At one point in time, KFC’s chicken drove people to line up around the block in the hopes that they’d get a fried and juicy piece of chicken before the kitchen ran out of bird for the day. That was back in the 1930’s when Colonel Sanders opened his very first restaurant. Today, KFC is known for greasy yet somehow dry fried chicken that is more likely than not to give you the runs.
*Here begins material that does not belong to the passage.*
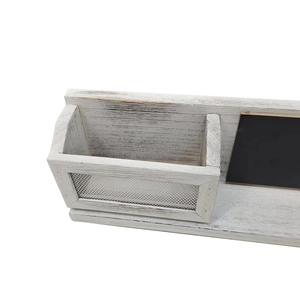 Portachiavi con lettera da ingresso portachiavi con supporto a parete scaffale organizzatore per smistatore di posta in legno - Product Image 4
The main reason for the dip in quality is that they’ve changed the recipe to something that’s more easily produced on a large scale, whereas the original recipe was not beholden to corporate business models and distribution. But fear not – the original recipe hasn’t been lost, for on a trip to Kentucky to meet Colonel Sanders’ nephew, Joe Ledington, a contributor to the Chicago Tribune came across a handwritten list of 11 herbs and spices with exact measurements scribbled in an old famly scrapbook:
- 2/3 tsp Salt
- 1/2 tsp Thyme
- 1/2 tsp Basil
- 1/3 tsp Oregano
- 1 tsp Celery salt
- 1 tsp Black pepper
- 1 tsp Dried mustard
- 4 tsp Paprika
- 2 tsp Garlic salt
- 1 tsp Ground ginger
- 3 tsp White pepper
Ledington isn’t willing to say that the list of herbs and spices are definitely the ones used in the infamous KFC recipe, but he did note that white pepper (which appears on the list) is “the secret ingredient.”
KFC, on the other hand, has stated that “lots of people through the years have claimed to discover or figure out the secret recipe” but that it’s yet to have been discovered.
Yeah, that’s what they WANT you to think. I bet you $10 that if you threw the above list of spices into your fried chicken batter that it’d come out 500x better than the slop in a box KFC serves, and that the whole “Tee hee it’s a secret!” thing is just bullshit to keep you cloggin’ your arteries with fast food fried chicken. Besides, why eat at KFC when you could go literally anywhere else? Popeyes is dope, Wendy’s spicy chicken nuggets are the only thing that gets me to climax and come on, you’re telling me you’d rather eat at KFC than Bojangles? There’s something wrong with one of us, and it’s not the person who just admitted to finishing at the thought of chicken nuggets.